Henri Haltiwanger is, for all intents and purposes, a typical first generation Haitian-American New York teenager. He takes his parents’ push for academic greatness at a highly competitive high school seriously and maintains good grades. He uses his good looks and charm to make all the right social moves, even joining the school’s debate team as required and performing well under pressure. He so values the weight of an earned dollar that he’s set up a website where he’s the exclusive dog walker for a booming business because it lends him an air of legitimacy after failing to earn customers when posting on Craigslist. Not all business and grades, Henri makes his love of sneakers an art — taking creative photos and prints of designs and using them as bedroom decor. He even connects to his closest friend, Ming, through their shared love of the sneaker hunt which takes them on adventures throughout NYC. If you ask Henri, his main issue is the uncertainty surrounding college acceptance. For as long as he can remember, it’s always been his father’s dream that Henri attend Columbia University. The family once held fond memories of visiting the campus and Henri found himself sharing his father’s dream along his schooling experience.

Just when Henri thinks he’s juggling his final semester with as much grace as an hyper-stressed 17-year-old can manage, along comes a complication. Her name: Corinne Troy. The complication? She’s figured out his facade of a business and blackmails him into helping her build the social points she direly needs in order to obtain the recommendation letter she needs to get into Princeton University. To my intense relief, this is a one-time transaction that lends this story a more original turn than the retelling of a She’s All That-esq storyline — which the author gives us a nod to within the story. What comes next is a refreshing tale of what it means to be in a transitional stage of life, fully aware of the fleeting time still available in life as is and how little time there is for you to live within the future — with the added bonus of a cute romance and adorable doggos.

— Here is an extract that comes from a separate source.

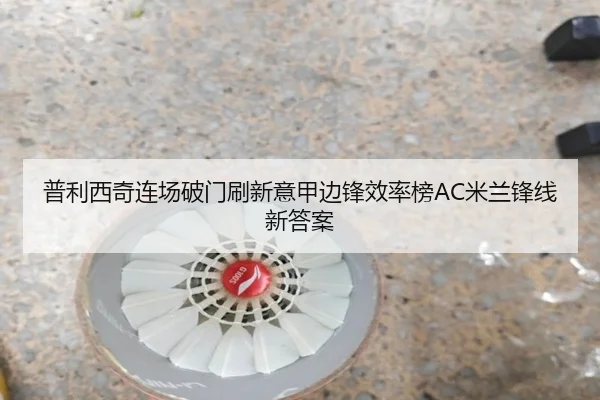 普利西奇连场破门刷新意甲边锋效率榜AC米兰锋线新答案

For Henri, this means examining what it is he wants in life and how he plans to get it. This is easier said than done as his pride often gets in the way — especially after some of his greatest fears are realized in the assessments that some very important people make of his character. In the end, we see how attending an academically rigorous and competitive school primarily attended by wealthy New Yorkers has given Henri a hyper-consciousness of his shortcomings in light of his uber privileged peers and how this hyper-consciousness causes him to move. Does he make poor decisions? Sure, who among us hasn’t? If anything this is a book that shows us the temporary setbacks of mistakes along as their crucial consequences. It’s a book for fevered overachievers, forever failures, and everyone in-between. I definitely recommend this as a must-read for anyone seeking a better understanding of what the pressures of high school can do to the psyche to even the most well-meaning of us — kid (explicit language warning withstanding) and parent alike.

5 Quotes of Note from Charming as a Verb

  • It’s kind of cool how so many people in the city have a single, soul-consuming passion that very often looks nothing like the rest of their lives.
  • All seniors…dealing with the looming trauma of graduation. There’s something new ahead, of course, but life as we know it is in countdown mode.
  • Either you’re exceptional or a nobody. No permission to be anything in between. It’s BS.
  • There’s no grand tour; make yourself at home. Go have a poo or something.
  • All children are charming as an adjective, but you’re charming as a verb.